A curious thing I’ve noticed on becoming a parent is how much my parenting style differs from the way I was raised, and it seems to be a phenomenon. I see friends whose relaxed, hippy parents I loved being around as a teen turn into strict, almost autocratic moms and dads. And it’s an interesting thing to observe. My maternal granny’s Victorian sensibilities meant her five children had to help with the housework, mind their manners and pull their weight or else they got the belt. My mom, by contrast, went to extremes to make my childhood as close to idyllic as she could manage – to the point that by the time I went to university and moved into digs I’d barely done a chore in my life and had no clue how to do laundry or clean a loo.
And I watch my mom watching me with surprise and some measure of horror when I make my daughters clean up the kitchen and tidy the lounge and bring in the washing. And it’s not a deliberate thing or about purposefully giving them life skills, it’s just that I don’t think it’s fair that I should pick up after them all the time and do all the work in the house. And since our home has always operated this way, they don’t think it’s unusual and as a result are pretty adept little humans. They can cook a few simple dishes and are great at taking the initiative when it comes to school things, which is just as well, because I’m not. And I guess they figured out that if they don’t give me the form to sign and return it to their teacher by the correct date, they won’t be going on the outing because I have nine million other things I’m thinking about at any given time. The form is their indaba.
And while, to be honest, this status quo is mostly due to scattiness on my part and work commitments and the conviction that my life can’t revolve solely around my children, I have to say with some measure of pride that this non-helicopter approach to parenting has resulted in two very independent kids. They pack their own stuff for camp, make sure their school clothes are clean and for the past year (hallelujah!) have started setting their own alarms in the morning and get up and fix their breakfast and make sandwiches for school, which leaves me to drink my coffee in peace and read Facebook till my brain is awake enough to function. And really – while the school-lunch thing is an unexpected bonus – I think kids should take some responsibility for what goes on in their lives.

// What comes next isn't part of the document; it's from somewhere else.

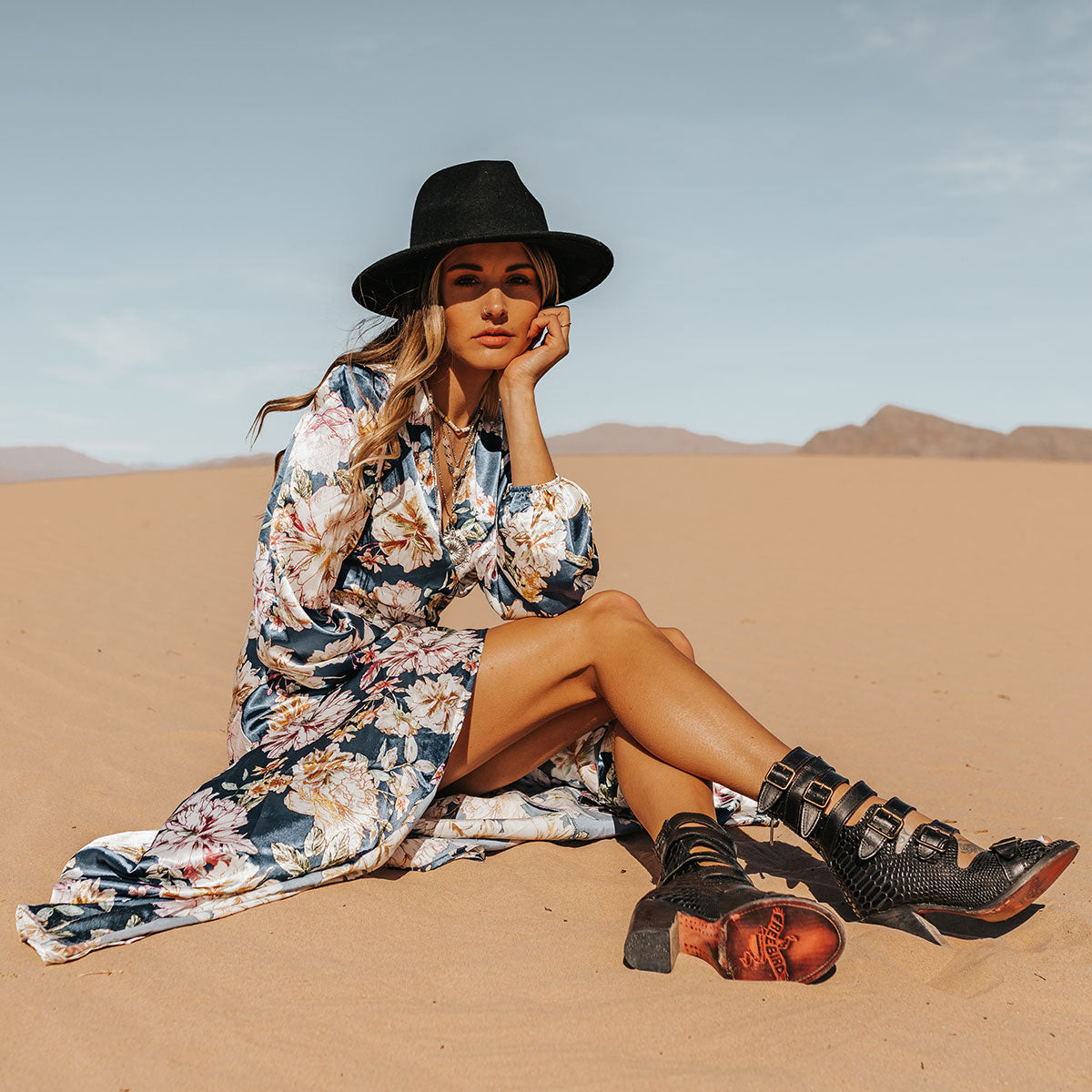FREEBIRD women's Bond black snake sandal with fashion straps and stacked heel lifestyle image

Sometimes, if we arrive at school and one of the girls discovers she’s left her swimming gear/soccer boots/ project at home, I’ll deliver the item later if I can, but if I can’t I don’t. And it’s something their headmistress advised us parents about right in the beginning of their school careers: when your kids mess up, don’t be too quick to make everything okay; children need to learn to think and to do things for themselves. If they never get to experience the consequences of their own mistakes, you deny them an important life lesson. They have to get a bit hungry or get in trouble with a teacher in order not to make that mistake again. And it can be hard, as a parent, because our instincts make us want to protect our kids no matter what. But if you want them to develop into capable, well-functioning adults, sometimes you have to stand back a little and let them experience life.
And a great by-product of this parenting paradigm is that it seems to foster self-confidence. Kids know what they’re capable of and it gives them a sense of power and an opportunity to negotiate the world on their own terms. They know they’re not helpless and when you trust them and believe they can do things for themselves, they believe it too. It’s okay – within reason – to let your children sort out their own affairs. It’s okay to let them fix their own meals from time to time and it’s totally okay to expect them to help out with the running of the home you share. They need to know this stuff, and the self-reliance you’ll be fostering in them will stand them in very good stead when the time comes to leave the nest and stand on their own two feet.